The Mankato Free Press
---- — Buried in the talk about immigration reform is an issue that was has nothing to do with patrolling borders, granting exemptions for those doing domestic jobs or giving higher education breaks to immigrant children.
Iraqis who helped the United States during war in their home country are at great risk. And although some Iraqis obtained visas to escape, there are reportedly still tens of thousands of Iraqis whose lives are threatened as they are trapped in a land now hostile to them as radical militias view them as traitors.
A number of other countries airlifted Iraqis who worked for them out of the country when troops left. Britain, Australia, Denmark are among those that safely removed Iraqis.
Nowhere is the urgency of resolving this problem more apparent than examining the case of “Omar,” a former Iraqi forklift operator who worked for U.S. contractors. As an advocate for the Iraqi people dangerously left behind, author Kirk Johnson has researched the email trail left by Omar. A year’s worth of correspondence between Omar and U.S. immigration offices overseen by the State Department offer evidence of the futile attempts he made to escape Iraq.
Over and over he was told to supply employment information, and he complied. And then he was told to supply the information again. And again. All of this despite his pleas of urgency because of threats being made on his life.
Seven weeks went by after Omar submitted another employment verification letter — this one written on official stationery by a U.S. contractor who supplied glowing reviews of Omar and offered his cellphone number and email address as additional contact information. And then, still waiting, Omar was decapitated in Iraq.
Johnson, interviewed on “This American Life,” is frustrated that Omar and thousands of others like him haven’t been helped — especially because tools are in place to do so. He cited the Guam Option that has been used before in which the president issues an executive order to fly threatened visa applicants to a U.S. base to thoroughly screen them, but keep them safe.
In 2007, the List Project worked to pass the Refugee Crisis in Iraq Act. That legislation included setting up the special immigrant visa program for Iraqis and Afghans working for the United States. It opened up 25,000 visa slots to be allocated at 5,000 per year to Iraqi interpreters, the project says. The program will expire if Congress doesn’t pass the Immigration Reform Act. Of the 25,000 visas promised, only about 5,500 were granted.

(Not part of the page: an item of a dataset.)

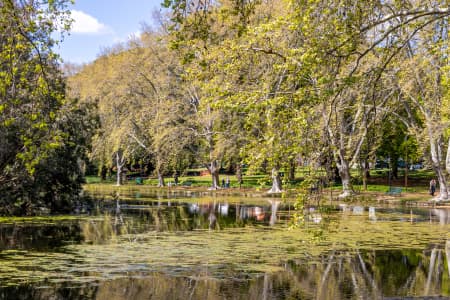 Aerial Image of PERTH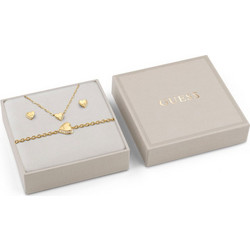 Σετ Guess Steel By Your Side JUBS06008JWYGT/U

The Senate in backing the immigration reform bill on June 27 voted to extend and improve the special immigration visa program in Iraq and Afghanistan. The problem is there are indications the House may reject or gut the bill.Congress should act together to pressure the administration to do all that it can to help the people who helped us.
Abandoning those who aided us in war is morally appalling and bad strategy if we expect cooperation in the future. The Afghanis who helped us in war efforts there are in the same situation. Omar died needlessly. The U.S. should cut through its own red tape, put pressure on the administration to remove threatened immigrants from danger, and do what it can to protect the people who helped us.